100 days into Iran war, Americans face higher prices
On average, US households have spent $750 more in expenses due to the war, hitting middle- and lower-income people hard. A hundred days into the
On average, US households have spent $750 more in expenses due to the war, hitting middle- and lower-income people hard. A hundred days into the US-Israel war on Iran, Americans are facing increasing financial pressure at the pump and at the grocery store in an economy already facing headwinds from United States President Donald Trump’s domestic and foreign policies, including tariffs. The war is unpopular, with 66 percent of Americans disapproving of Trump’s handling of the conflict with Iran, according to a recent CBS News poll. That echoed comparable findings in an ABC News/Washington Post Ipsos poll that found that 61 percent of Americans said that military action in Iran was “a mistake”. US consumers are especially feeling the pinch in their wallets. On average, households have spent $750 more in expenses due to the war, according to an analysis from Moody’s Analytics. The bulk of the spending is on energy-related expenses, with Americans spending an average of $447.19 more than usual. “This is a big economic blow,” Mark Zandi, chief economist at Moody’s Analytics, said in a post on X on the heels of the report, adding that the burden hits “already hard-pressed middle- and lower-income households”. “Folks at middle income or lower income, they spend a bigger proportion of their income on goods and services each month than people at the higher levels of income who can save,” Michael Klein, professor of international economic affairs at The Fletcher School at Tufts University, told Al Jazeera. “They spend more of their income on housing and food. And the prices of these have been going up by a lot.” Petrol prices surged on Friday to $4.22 per gallon (3.78 litres) for regular fuel, compared with $2.98 per gallon on average on February 28, the day the US and Israel first struck Iran, according to the American Automobile Association (AAA), which tracks daily fuel prices. Since then, Iran has retaliated by attacking energy infrastructure in the region and by throttling traffic through the Strait of Hormuz, from which a fifth of the world’s oil and gas is exported, sending prices for those commodities soaring. Overall, inflation has surged, with energy prices being the driving factor. The cost of energy jumped 5.5 percent in the latest Personal Consumption Expenditures (PCE) report released by the Department of Commerce, which is one of the US Federal Reserve’s closely watched gauges for measuring inflation when deciding interest rates.
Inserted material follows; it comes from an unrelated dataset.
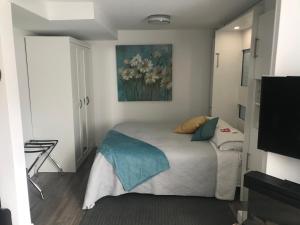 1 dormitorio con 1 cama con una pintura en la pared en le Loft Québec en Quebec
Inflation, overall, jumped to 3.8 percent from 3.5 percent the month prior, marking the biggest increase in three years, according to the PCE. As a result of these economic strains, Americans are opting to work from home or cut back on plans that involve driving. A survey by American Muscle, a platform that sells car parts, found that 12 percent of Americans are choosing to work remotely more often amid heightened petrol prices, while a Washington Post/ABC News Ipsos poll found that 44 percent of Americans said they are driving less for that reason. Consumer sentiment is tumbling, driven by high gas prices. The University of Michigan consumer sentiment tracker fell to 44.8 in the May survey, down from 49.8 in April and below last May’s 52.2, largely because of energy prices. “Consumer sentiment fell for the third straight month as supply disruptions in the Strait of Hormuz continue to boost gasoline prices,” the University of Michigan said in a release accompanying the report. That is echoed by a McKinsey survey, which found that sentiment is at its lowest level in two years. Consumer spending is tumbling as well, with two-thirds of US consumers pulling back on spending because of rising costs, according to The Conference Board’s consumer confidence report. The increased cost of fuel has put a strain on the airline industry. Last month, Spirit Airlines ceased operations after more than three decades. In court filings, the budget carrier attributed its closure to an increase in fuel prices. Other US carriers have adapted their pricing to account for heightened fuel costs, including United Airlines, which, in late April, announced it would raise fares by up to 20 percent. Overall airline prices have jumped since the war began. Airfare prices rose 2.7 percent in March and another 2.8 percent in April, according to the Labor Department’s Bureau of Labor Statistics. Consumer expenses hit While inflationary pressures have mostly hit the energy market, they have also started to affect downstream consumer expenses, including the cost of food. In April, food prices jumped 0.5 percent, marking the biggest increase since November 2022. Pressure on the cost of food is expected to worsen. The Gulf region is a major supplier of both nitrogen and sulphur used in the fertilisers farmers need for food production.